# PPI FRX 456



## antman (Apr 28, 2013)

Hi, 

Anyone familiar with this old school ppi frx456? I saw it in our local listing selling for around usd 100

Worth buying?

Thnx:laugh:


----------



## Darth SQ (Sep 17, 2010)

http://www.directed.com/guides/manuals/ig/precision_power/G41810_3-03.pdf


Bret
PPI-ART COLLECTOR


----------



## vwdave (Jun 12, 2013)

That's not a bad price, but are you looking to use it or collect it? What's the condition? Cosmetics? That's about the going rate for a good old school active crossover. 

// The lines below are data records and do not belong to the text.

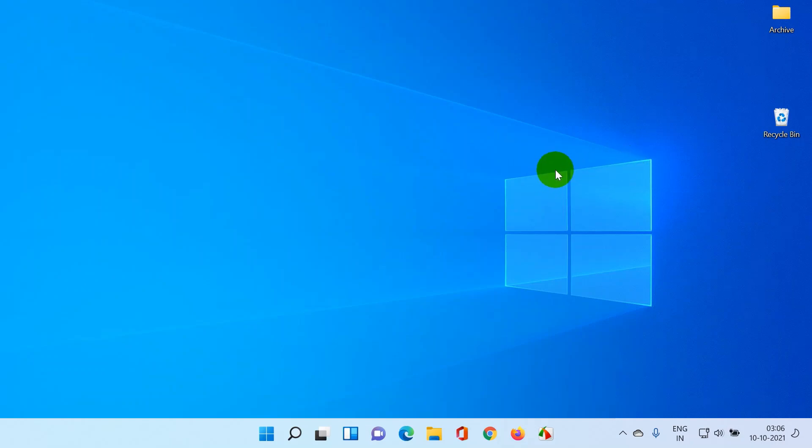I hope this video will help you to understand how to upgrade from Windows 10 to Windows 11. In the next video, I'm going to post what are the features and differences between Windows 11 and Windows 10. I'll be exploring this for a couple of days and then I'll post that video. Thank you so much. See you in the next video.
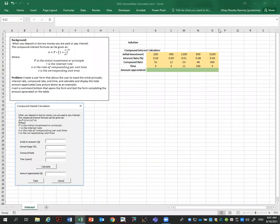Hi, welcome back. This is Dr. Revellez and today I want to show you how to do a VBA form. The problem I have here is make an interest rate calculator. When you deposit or borrow money, you are paid or pay interest according to the following equation.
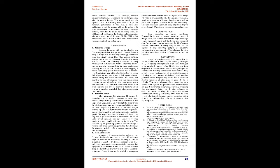3.2 Additional power. Edge technology has transmuted IT systems by permitting even the smallest businesses to access super-powered computational power exclusively obtainable to their larger rivals. Organizations are switching to the cloud to yield the solutions that provide revolutionary profitability, whether via solid programming interfaces or advanced analytic systems.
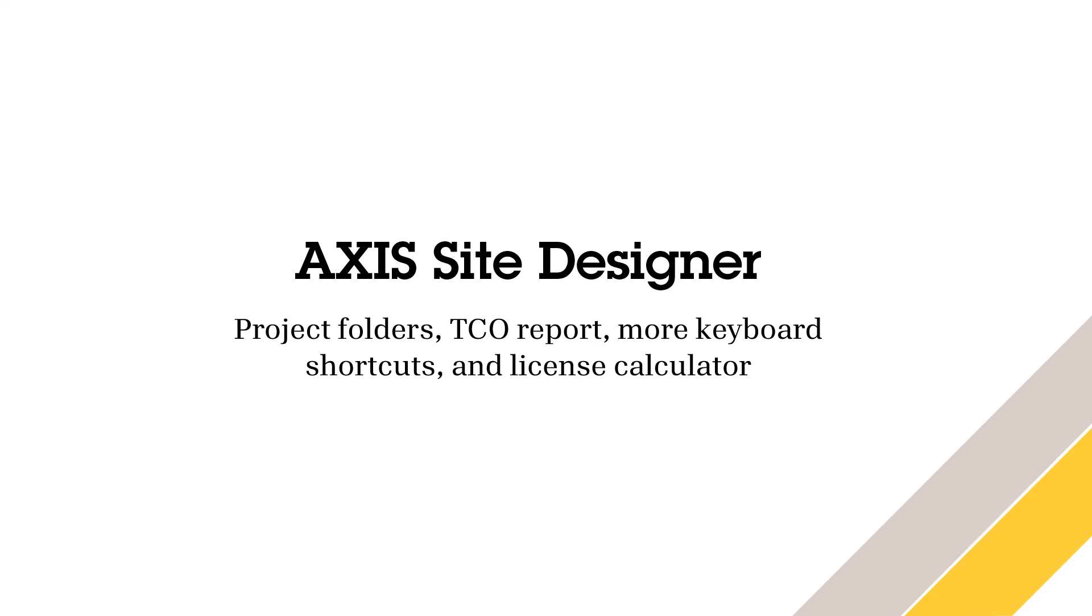Hi, my name is Susanna and I'll give you an update on the latest additions made to Axis Site Designer.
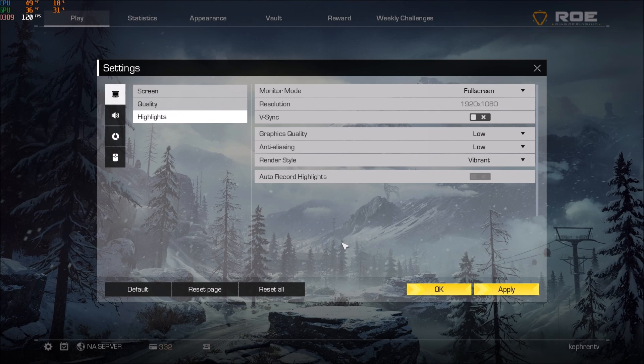Hi everybody, this is Kefren, your favorite French Canadian. Today I'm going to show you how to increase your FPS in Ring of Elysium.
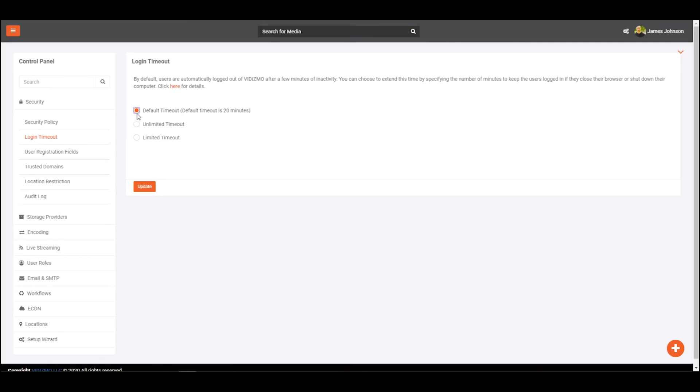Or you can choose unlimited timeout. This option ensures users are not logged out of the portal unless they sign out, close the browser, or clear browser cache.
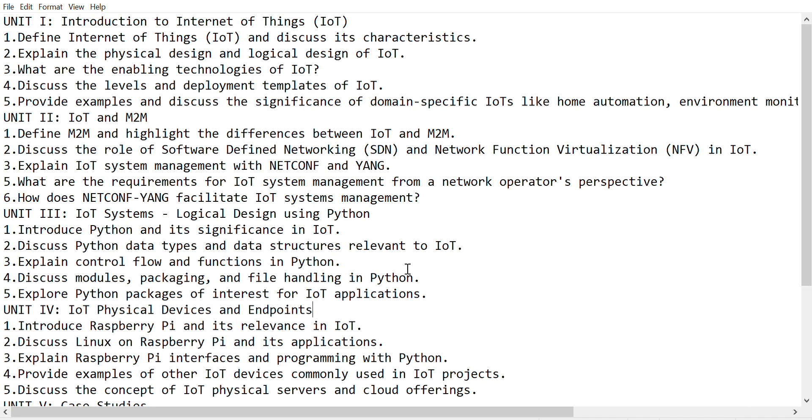Explain the requirements of IoT system from a network operator's perspective. How does NETCONF-YANG facilitate IoT system management?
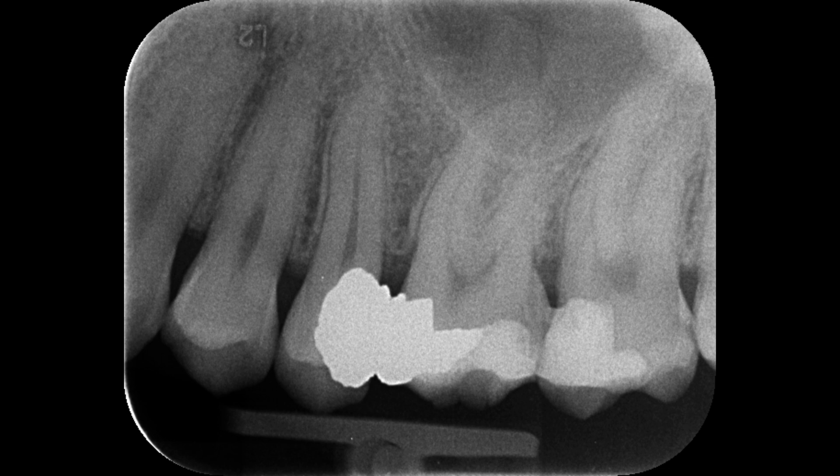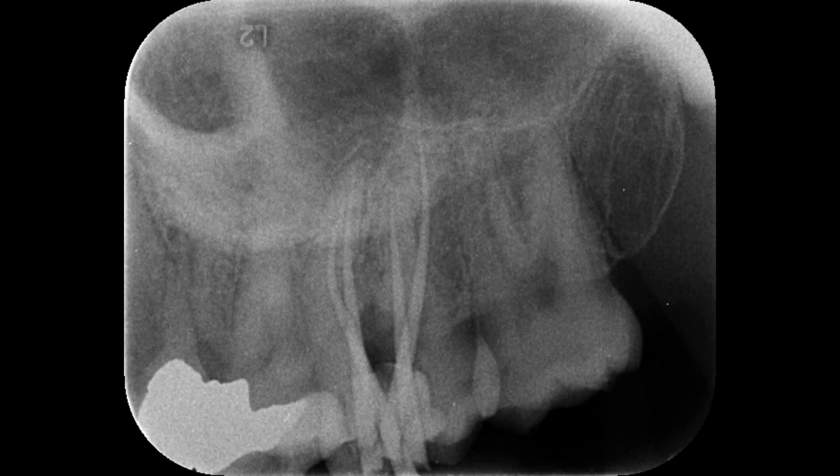I started the root canal treatment of the maxillary second molar tooth — prepared the canals, shaped them, and then obturated them very well. What I found was that there were not just three, but four canals in this maxillary second molar tooth. Usually it's three, but in this case it's four. Here is the working length radiograph, where you can see very well-tapered canals.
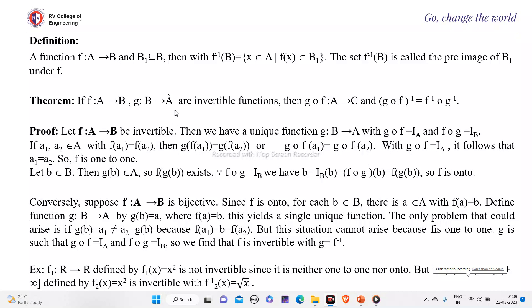Today we are going to see some definitions and some theorems. A function f from A to B, and B₁ is a subset of B. Here A is the domain and B is the co-domain.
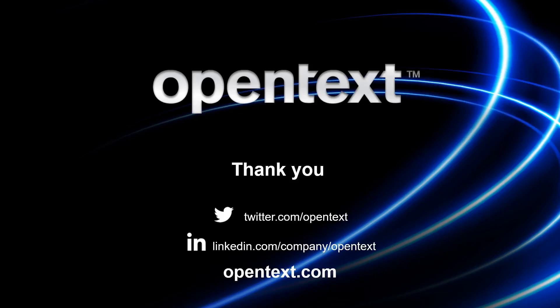Thank you very much for watching this video, and we look forward to sharing more tips for OpenText Fortify WebInspect.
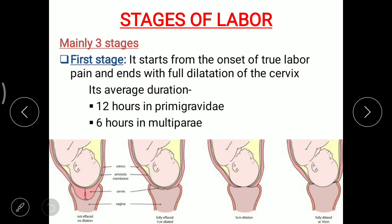Sometimes a fourth stage is also considered — we'll learn about that later. The first stage starts from the onset of true labor pain and ends with the full dilation of the cervix. I have already explained true labor pain in my last video on normal labor, so please check that video. In true labor pain, there is pain in the lower abdomen region and it radiates towards the inner thigh.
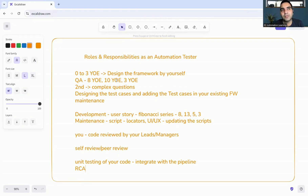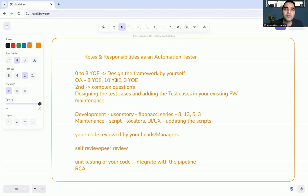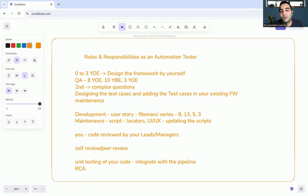If you have experience in end-to-end automation, you'll be able to clear the first and second rounds of interviews. Many people book calls on Top Mate and say they cleared the first round but struggle with the second. The second round involves scenario-based questions around these very responsibilities — which is why the Top Mate product lists the reality of what's happening within companies and organizations.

The flexibility of it is nice. I have considered getting one and playing around with it but I already have too many crossovers.


----------



## 63flip (Oct 16, 2013)

Excellent x-over. $100 is average for one in nice shape and working. Take $10-$15 off if the plug is missing. I own 2. One NIB I gave $160 for and a really nice used one I gave $85 for. I plan on using the used one in a setup this summer with Art Series amps.


----------



## antman (Apr 28, 2013)

thanks for the help, condition is around 7.5 to 8 , im thinking of save and get myself a audison bit 10 to get more processing power and crossover


----------



## Pitzury (Aug 14, 2012)

63flip said:


> Excellent x-over. $100 is average for one in nice shape and working. Take $10-$15 off if the plug is missing. I own 2. One NIB I gave $160 for and a really nice used one I gave $85 for. I plan on using the used one in a setup this summer with Art Series amps.


Selling any of them? Black or silver version?


----------



## 63flip (Oct 16, 2013)

Pitzury said:


> Selling any of them? Black or silver version?


Sorry, I'm installing the used one in my t-bird with black Art a204 and a300. The NIB one is for my collection.


----------